Time Stretcher Recipe™

I don’t think I can take another crab dip… really; there are more shellfish in sea already!  Lobster dips are wonderful but at $39 or $40 per pound for lobster meat it’s not a budget friendly idea for a crowd.  Now Rock Shrimp—they taste close enough to lobster for a dip at less the half the price.  BTW… this isn’t for the faint hearted, it has some kick to it.

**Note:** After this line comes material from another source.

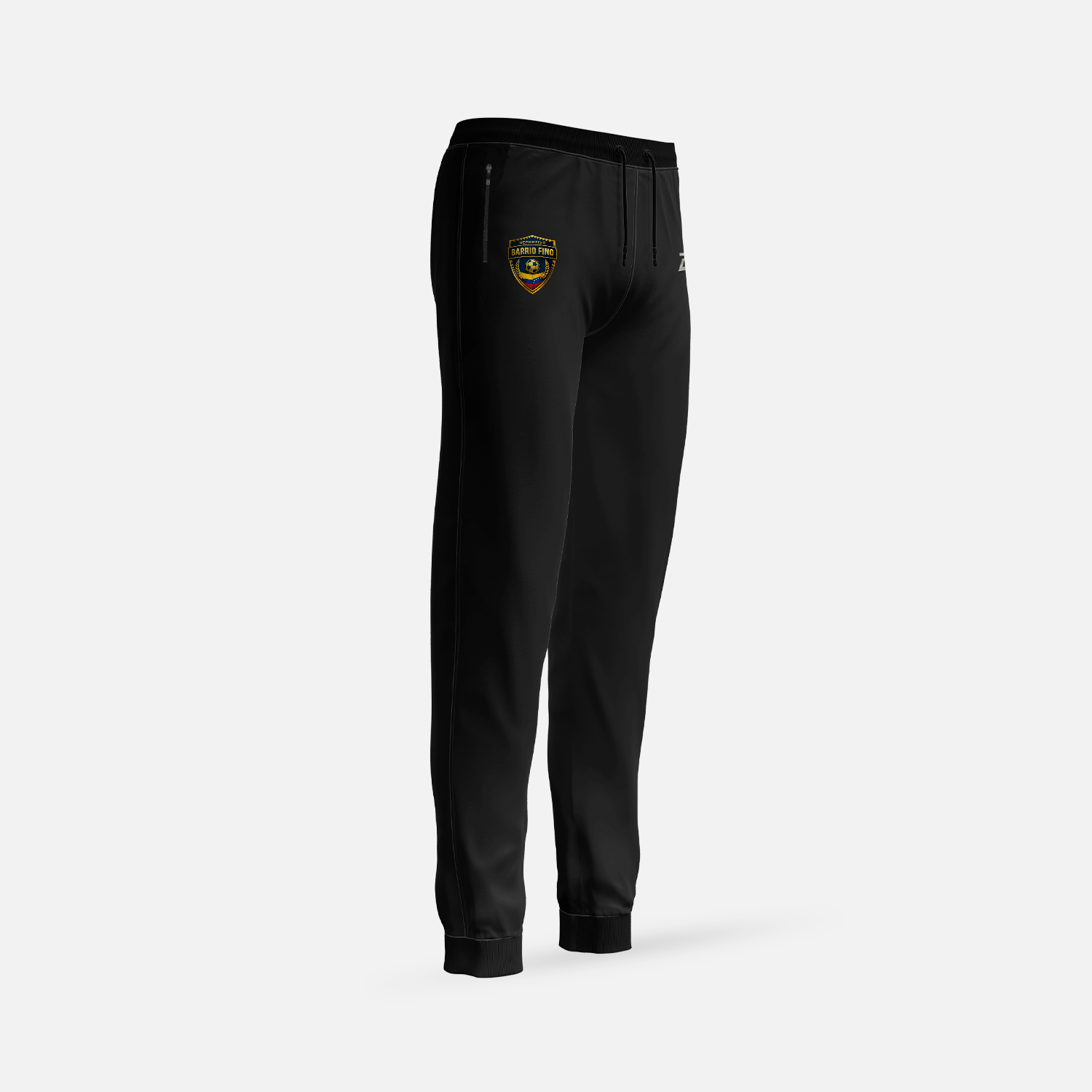 DEPORTIVO BARRIO FINO - Imagen 8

  • ¾ pound Rock Shrimp, peeled and deveined.
  • 1 box of frozen artichoke hearts, cooked in salted water.
  • ¾ cup mayonnaise.
  • ¼ cup sour cream.
  • 2 tbsp Dijon mustard.
  • ½ cup goat cheese.
  • 2 tbsp Chef Nick’s Crab & Shrimp Blend.
  • 2 tbsp Chef Nick’s Cajun Seasoning Blend.

 

  1. Preheat your oven to 450°F (232°C, and yes… 450 degrees).
  2. Bring a pot of water to a boil, add the Crab & Shrimp blend and the shrimp, cook for three minutes then remove the shrimp to ice water to stop the cooking but they don’t need to be chilled.
  3. Drain the cooked artichoke hearts and give them a medium chop.
  4. Give the cooked shrimp a medium chop.
  5. Mix everything together (don’t forget the Cajun seasoning) and put into a greased ramekin but make sure you use a ramekin large enough that the mixture is only about one inch deep.
  6. Bake the dish until it is heated through and the top starts to brown.
  7. Enjoy!

 

This is a thick and heavy dip so it will break most potato chips and tortilla chips.  We suggest serving it with toasted baguette slices or pita chips.  Place some small spoons around the ramekin and thickly sliced cucumber for a crisp and cool bottom.